● **ASSIGNMENT**:
Copy nothing but the lines below, from the one with "Snapshot of Alicedangerrr" through the one with "BEIGE STRAIGHT CUT TROUSERS 6", exactly as written; no pictures should appear.
==== PROVIDED ENTRIES ====
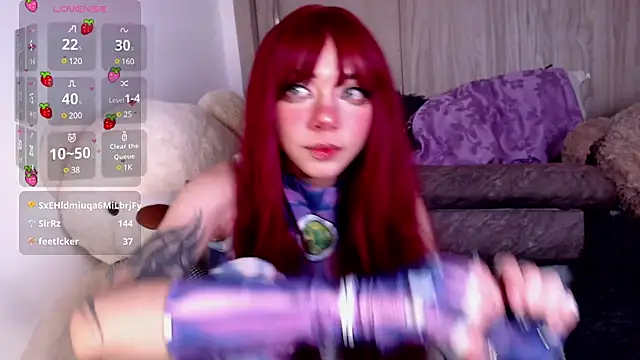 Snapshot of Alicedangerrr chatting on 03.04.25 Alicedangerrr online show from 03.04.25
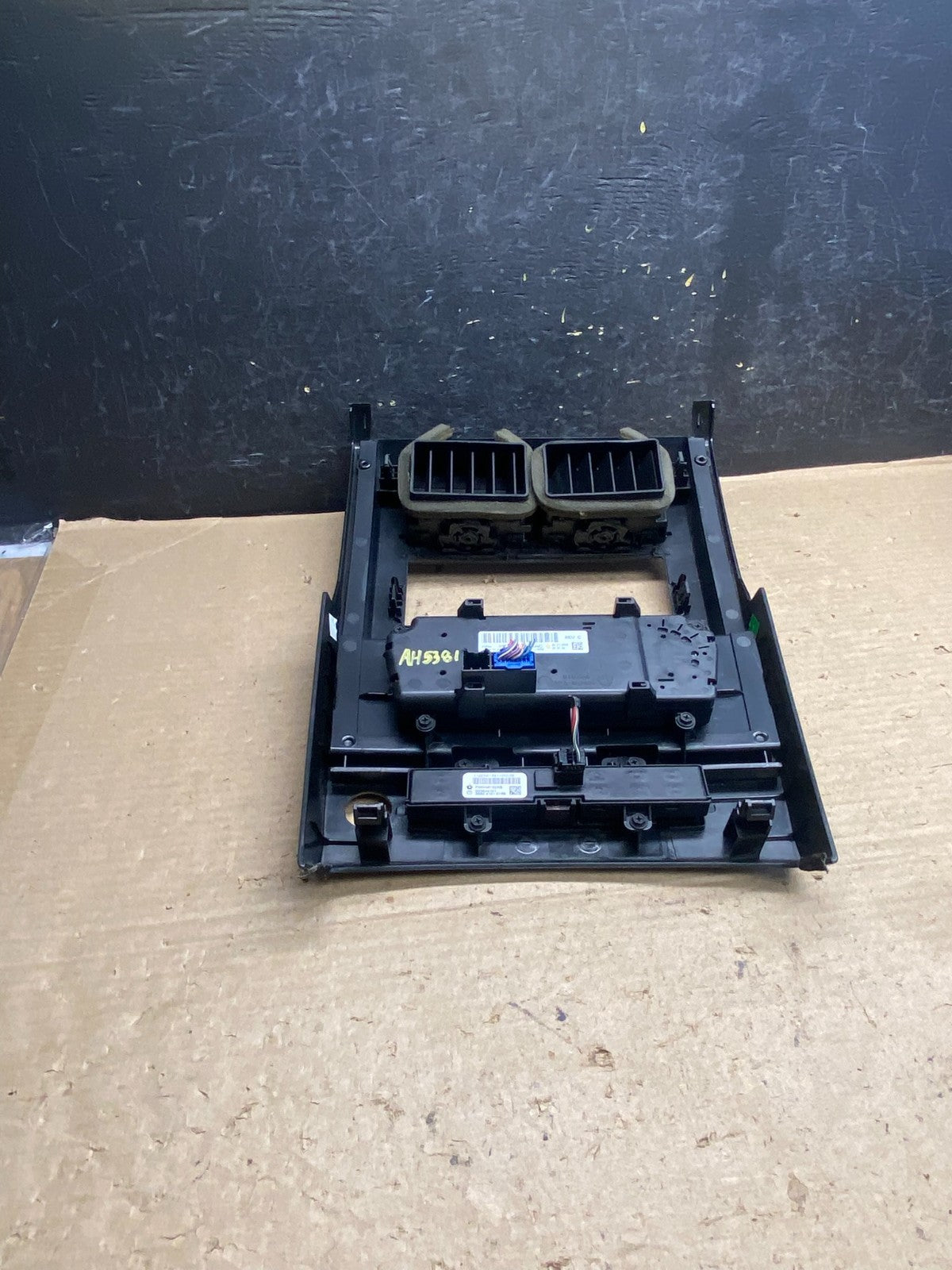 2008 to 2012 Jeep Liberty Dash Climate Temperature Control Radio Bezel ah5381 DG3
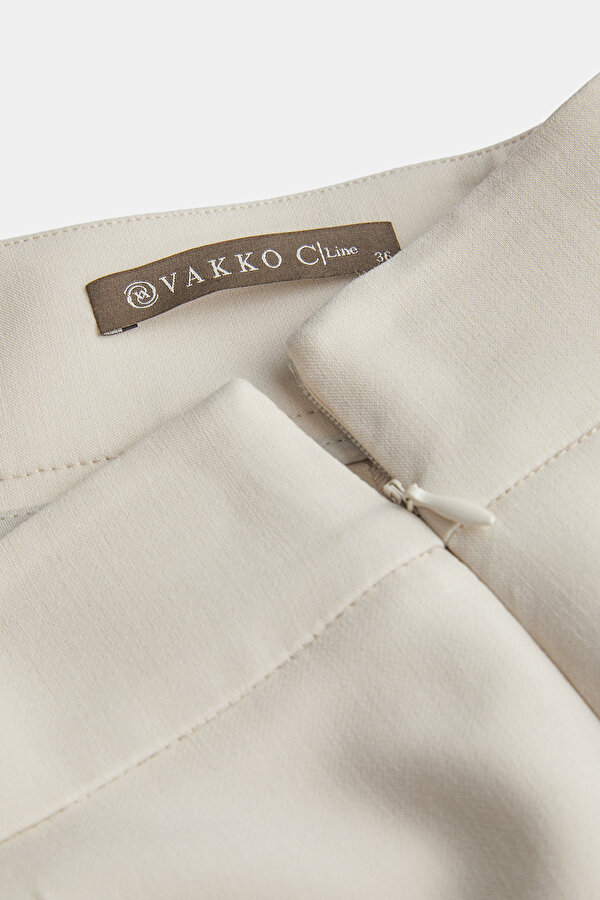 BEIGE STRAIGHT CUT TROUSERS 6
====
==== PROVIDED ENTRIES ====
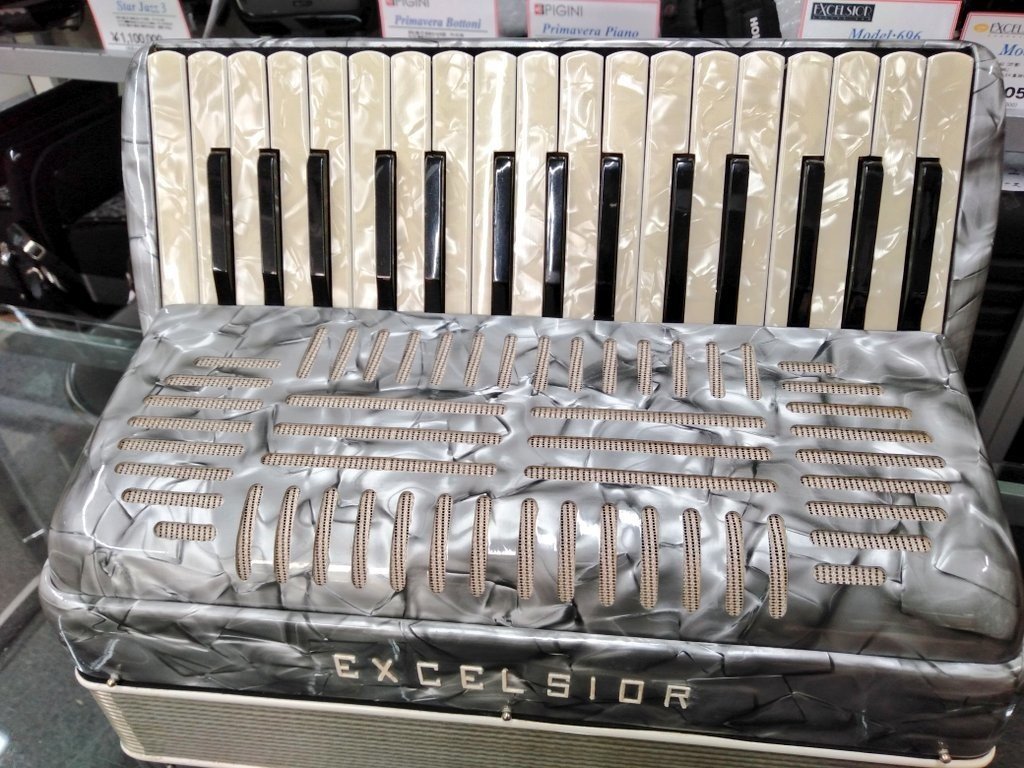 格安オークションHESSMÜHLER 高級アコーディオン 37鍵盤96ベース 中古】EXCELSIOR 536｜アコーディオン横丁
====
● **ANSWER AREA**:
 Snapshot of Alicedangerrr chatting on 03.04.25 Alicedangerrr online show from 03.04.25
 2008 to 2012 Jeep Liberty Dash Climate Temperature Control Radio Bezel ah5381 DG3
 BEIGE STRAIGHT CUT TROUSERS 6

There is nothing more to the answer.